Initial comments were due last Friday.
The group wants the FCC to set up an “AM transition federal advisory committee,” modify AM nighttime coverage rules, replace the minimum efficiency standard for AMs with a minimum radiation standard, tweak certain FM classes in Zones I and IA, create a new “L” class of LPFMs and relax main studio rules.
It also wants the FCC to extend the three-year period for new CPs, look into a new radio agreement with Cuba, hold tutorials on radio engineering rules, create a “broadcast public engineer” position to help small businesses and nonprofits and make other changes.
Check out the 17 proposals to revise or dump what MMTC calls “archaic” technical rules here.
The most strident responses are those in regards to re-purposing TV analog Channels 5 and 6 for radio, proposals made by other groups and an issue MMTC supports.
LPTV groups Island Broadcasting and the Association of Maximum Service Television, as well as ABC and NAB, oppose this proposal. NAB said it agrees with MSTV, which said the proposal “ignores the fact that hundreds of television stations — including full-power stations and Class A, low-power television stations, and translator stations — already operate on these channels.” NAB also said “the envisioned reallocation of TV Channels 5 and 6 for radio service could cause significant disruption to post-transition digital television service.” It supports many of the MMTC’s proposals and says the FCC should concentrate on the ones that don’t disrupt DTV service.

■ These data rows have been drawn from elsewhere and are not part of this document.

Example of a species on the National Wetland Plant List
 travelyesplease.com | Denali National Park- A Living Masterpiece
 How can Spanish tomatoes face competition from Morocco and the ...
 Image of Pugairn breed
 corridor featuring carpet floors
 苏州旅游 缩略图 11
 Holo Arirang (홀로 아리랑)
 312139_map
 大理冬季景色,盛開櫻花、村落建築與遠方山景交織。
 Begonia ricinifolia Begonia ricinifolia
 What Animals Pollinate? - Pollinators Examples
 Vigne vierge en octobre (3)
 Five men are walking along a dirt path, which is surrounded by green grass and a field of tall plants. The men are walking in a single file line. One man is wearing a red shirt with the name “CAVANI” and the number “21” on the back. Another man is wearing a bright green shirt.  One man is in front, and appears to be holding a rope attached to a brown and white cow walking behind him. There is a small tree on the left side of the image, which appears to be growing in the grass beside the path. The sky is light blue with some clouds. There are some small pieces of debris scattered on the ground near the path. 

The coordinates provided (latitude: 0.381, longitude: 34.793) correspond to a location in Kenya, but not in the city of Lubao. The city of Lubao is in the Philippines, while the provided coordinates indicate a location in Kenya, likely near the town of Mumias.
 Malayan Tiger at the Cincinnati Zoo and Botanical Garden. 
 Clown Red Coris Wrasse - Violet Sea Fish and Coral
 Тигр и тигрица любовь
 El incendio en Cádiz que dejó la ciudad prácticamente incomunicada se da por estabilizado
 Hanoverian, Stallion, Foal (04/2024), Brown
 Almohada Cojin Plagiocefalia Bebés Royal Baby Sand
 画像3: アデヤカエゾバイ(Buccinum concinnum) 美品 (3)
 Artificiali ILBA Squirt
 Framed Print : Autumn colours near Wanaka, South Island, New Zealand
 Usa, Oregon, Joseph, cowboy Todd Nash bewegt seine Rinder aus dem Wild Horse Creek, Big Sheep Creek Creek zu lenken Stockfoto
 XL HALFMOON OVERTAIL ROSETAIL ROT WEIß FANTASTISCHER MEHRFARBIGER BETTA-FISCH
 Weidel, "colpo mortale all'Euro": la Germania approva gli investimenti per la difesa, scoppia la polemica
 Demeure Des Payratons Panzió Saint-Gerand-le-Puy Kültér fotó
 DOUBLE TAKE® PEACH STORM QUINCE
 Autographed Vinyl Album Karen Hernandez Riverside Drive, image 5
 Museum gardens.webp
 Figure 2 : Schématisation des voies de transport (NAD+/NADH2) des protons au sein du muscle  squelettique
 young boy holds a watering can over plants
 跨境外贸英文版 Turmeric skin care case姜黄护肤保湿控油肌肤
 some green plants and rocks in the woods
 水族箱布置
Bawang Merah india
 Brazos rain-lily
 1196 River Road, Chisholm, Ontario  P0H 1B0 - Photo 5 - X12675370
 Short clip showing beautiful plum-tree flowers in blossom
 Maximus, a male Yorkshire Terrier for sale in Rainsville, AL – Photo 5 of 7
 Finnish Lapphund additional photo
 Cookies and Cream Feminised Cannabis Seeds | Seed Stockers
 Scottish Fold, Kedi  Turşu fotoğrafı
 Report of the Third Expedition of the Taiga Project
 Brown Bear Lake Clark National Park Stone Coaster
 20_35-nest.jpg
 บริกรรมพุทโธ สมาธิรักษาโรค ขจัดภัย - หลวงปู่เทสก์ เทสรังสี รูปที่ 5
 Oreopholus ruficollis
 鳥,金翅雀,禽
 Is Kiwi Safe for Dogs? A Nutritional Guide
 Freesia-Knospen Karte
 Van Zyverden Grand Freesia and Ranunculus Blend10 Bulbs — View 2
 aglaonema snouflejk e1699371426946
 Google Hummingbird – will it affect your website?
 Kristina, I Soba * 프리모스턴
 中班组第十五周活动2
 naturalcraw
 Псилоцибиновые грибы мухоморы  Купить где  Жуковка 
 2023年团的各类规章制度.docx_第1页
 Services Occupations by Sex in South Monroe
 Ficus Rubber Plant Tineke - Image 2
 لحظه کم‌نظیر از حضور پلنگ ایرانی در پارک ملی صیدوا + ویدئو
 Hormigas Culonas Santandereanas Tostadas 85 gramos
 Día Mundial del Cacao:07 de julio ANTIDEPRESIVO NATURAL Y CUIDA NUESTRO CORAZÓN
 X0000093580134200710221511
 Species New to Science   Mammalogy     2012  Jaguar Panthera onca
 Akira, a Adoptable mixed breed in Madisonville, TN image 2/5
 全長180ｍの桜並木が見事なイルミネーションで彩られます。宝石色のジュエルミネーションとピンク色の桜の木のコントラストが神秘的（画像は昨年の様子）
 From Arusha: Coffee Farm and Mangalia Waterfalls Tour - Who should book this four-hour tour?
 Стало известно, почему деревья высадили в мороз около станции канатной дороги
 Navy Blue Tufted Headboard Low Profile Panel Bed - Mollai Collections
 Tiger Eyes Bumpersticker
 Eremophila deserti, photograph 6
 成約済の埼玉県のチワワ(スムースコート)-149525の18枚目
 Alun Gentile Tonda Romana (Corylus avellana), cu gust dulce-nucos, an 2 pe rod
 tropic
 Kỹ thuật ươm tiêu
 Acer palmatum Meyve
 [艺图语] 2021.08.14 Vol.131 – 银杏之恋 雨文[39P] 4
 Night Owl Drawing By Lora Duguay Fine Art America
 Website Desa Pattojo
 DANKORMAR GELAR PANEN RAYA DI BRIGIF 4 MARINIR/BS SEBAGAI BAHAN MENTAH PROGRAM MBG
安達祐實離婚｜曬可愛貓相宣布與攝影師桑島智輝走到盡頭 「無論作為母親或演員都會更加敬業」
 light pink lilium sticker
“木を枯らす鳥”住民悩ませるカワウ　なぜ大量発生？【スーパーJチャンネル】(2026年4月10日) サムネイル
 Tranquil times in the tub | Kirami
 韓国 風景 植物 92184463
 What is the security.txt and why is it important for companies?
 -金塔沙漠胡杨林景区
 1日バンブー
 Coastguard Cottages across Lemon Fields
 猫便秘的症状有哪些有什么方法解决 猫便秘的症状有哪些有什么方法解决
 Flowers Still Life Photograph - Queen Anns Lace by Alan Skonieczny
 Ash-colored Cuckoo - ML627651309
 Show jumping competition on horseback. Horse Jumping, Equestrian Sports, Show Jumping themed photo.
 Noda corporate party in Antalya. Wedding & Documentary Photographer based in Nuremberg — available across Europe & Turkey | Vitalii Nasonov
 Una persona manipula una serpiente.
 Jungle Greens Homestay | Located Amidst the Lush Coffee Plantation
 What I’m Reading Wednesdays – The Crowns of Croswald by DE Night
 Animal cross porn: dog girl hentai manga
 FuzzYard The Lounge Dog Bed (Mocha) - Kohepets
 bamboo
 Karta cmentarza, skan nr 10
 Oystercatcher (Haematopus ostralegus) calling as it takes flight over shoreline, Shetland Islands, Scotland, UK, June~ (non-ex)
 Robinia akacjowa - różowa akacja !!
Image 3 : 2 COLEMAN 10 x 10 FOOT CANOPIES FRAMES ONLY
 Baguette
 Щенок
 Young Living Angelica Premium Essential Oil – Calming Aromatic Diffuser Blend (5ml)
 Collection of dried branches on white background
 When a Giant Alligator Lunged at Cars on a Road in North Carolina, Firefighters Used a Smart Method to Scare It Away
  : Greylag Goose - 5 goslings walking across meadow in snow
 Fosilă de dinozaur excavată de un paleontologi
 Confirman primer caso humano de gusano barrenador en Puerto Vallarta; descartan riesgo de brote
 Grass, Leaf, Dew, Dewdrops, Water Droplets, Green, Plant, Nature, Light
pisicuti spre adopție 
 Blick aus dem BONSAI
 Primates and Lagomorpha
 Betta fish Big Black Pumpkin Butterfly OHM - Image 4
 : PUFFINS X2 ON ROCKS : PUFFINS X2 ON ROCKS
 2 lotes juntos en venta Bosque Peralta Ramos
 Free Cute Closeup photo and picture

Island Broadcasting, licensee of low-power TV station WNYZ in New York, called the proposal “unwise and unwarranted” while ABC TV called the issue moot because the FCC has said the continued use of Channels 5 and 6 for television service is in the public interest.
Broadcast engineer Dana Puopolo supported the idea, saying about 30 TV stations are using these channels, “all of which could easily be migrated elsewhere,” allowing “thousands” FM allotments to be created. AMs that would like to move to those FM frequencies should be given preference to move after a “reasonable period” of simulcasting, and after that those owners should give up their AM frequency, he writes.
So did a number of smaller broadcasters filing jointly, like Multicultural Radio.
Of course TV would be reluctant to give up any of this spectrum. However that doesn’t mean that none of this spectrum shouldn’t be re-purposed for radio. It’s interesting that one of the proposals called for the FCC to start giving AMs the attention the agency now gives LPFMs, and give the AM service some help — including being allowed to migrate to a new, expanded FM band.